How many ways can we draw 4 cards and have exactly 2 of them be spades? We can find that by choosing 2 from the population of 13 spades, then choosing 2 cards from the remaining 39 cards:

`C_(13,2)xxC_(39,2)=(13!)/((2!)(11!))xx(39!)/((2!)(37!))=(13xx12)/2xx(39xx38)/2=57,798`

This means the probability of drawing exactly 2 spades on a 4 card draw from a standard deck is:

`(57,798)/(270,725)~~21.35%`

Answer 3

`0.21349 = 21.349 %`

Explanation:

`C_2^4 (13/52)(12/51)(39/50)(38/49)`
`= ((4!)/(2!2!)) (1/4)(17784/124950)`
`= (6/4)(17784/124950)`
`= 4446/20825`
`= 0.21349`
`= 21.349 %`

`"Explanation : "`
`"We express that the first and second card has to be a spade."`
`"Then the third and fourth card cannot be a spade. Of course"`
`"the spades could be in another place, like 2nd and 4th and so"`
`"on so therefore we multiply by "C_2^4"."`
`"First draw : there are 13 spades cards on 52 "=> 13/52`
`"2nd draw : there are 12 spades cards left on 51 cards "=> 12/51`
`"3th draw : 39 non-spades cards left on 50 cards "=> 39/50`
`"4th draw : 38 non-spades cards left on 49 cards "=> 38/49`

Answer 4

The probability is approximately `21.35%`.

Explanation:

Visualize the deck in two parts: the spades, and everything else.

The probability we seek is the number of hands with two cards from the spades and two cards from everything else, divided by the number of hands with any 4-cards.

Number of hands with 2 spades and 2 non-spades: From the 13 spades, we will choose 2; from the other 39 cards, we will choose the remaining 2. The number of hands is `""_13C_2 xx ""_39C_2.`

Number of hands with any 4 cards: From all 52 cards, we will choose 4. The number of hands is `""_52C_4.`

`"P"("2 spades out of 4") = [((13),(2))((39),(2))]/[((52),(4))] = (""_13C_2 xx ""_39C_2)/(""_52C_4)`

Notice that the 13 and 39 in the top row add to the 52 in the bottom row; same with 2 and 2 adding to 4.

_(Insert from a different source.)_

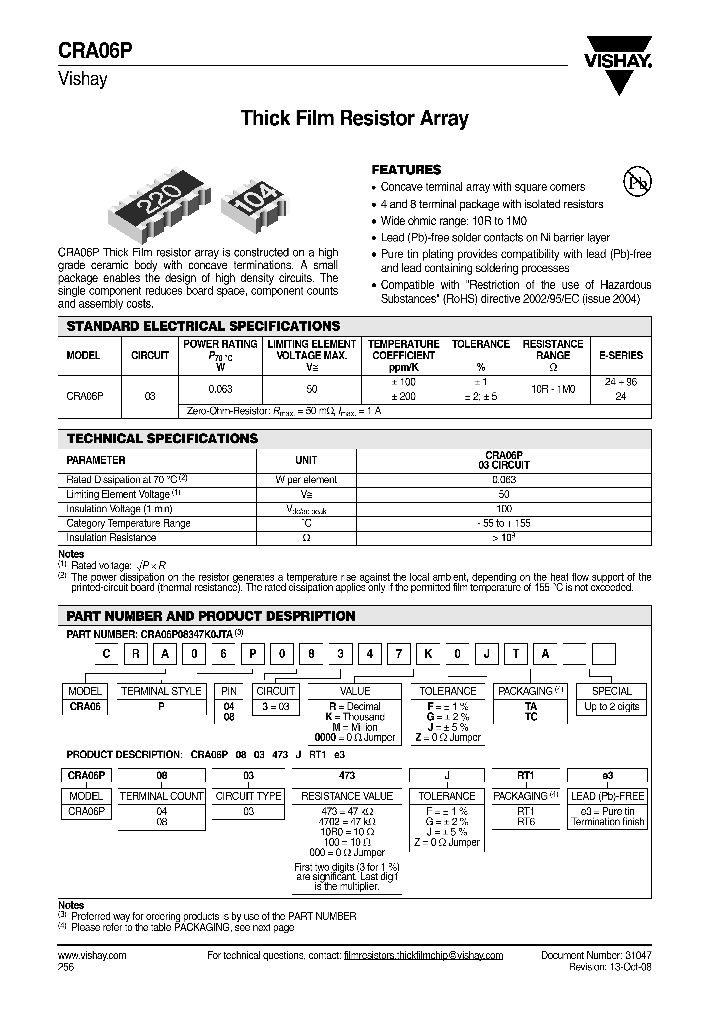 CRA06P0403000FRT1E3_4254332.PDF Datasheet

`"P"("2 spades out of 4") = [" "(13xx12)/(2xx1)xx(39xx38)/(2xx1)" "]/[(52xx51xx50xx49)/(4xx3xx2xx1)]`

`color(white)("P"("2 spades out of 4")) = [(13xx6)xx(39xx19)]/(13xx17xx25xx49)`

`color(white)("P"("2 spades out of 4")) = [6xx39xx19]/(17xx25xx49)`

`color(white)("P"("2 spades out of 4")) = "4,446"/"20,825" " "~~21.35%`

In general, any probability question that divides a "population" (like a deck of cards) into a few distinct "sub-populations" (like spades vs. other suits) can be answered in this way.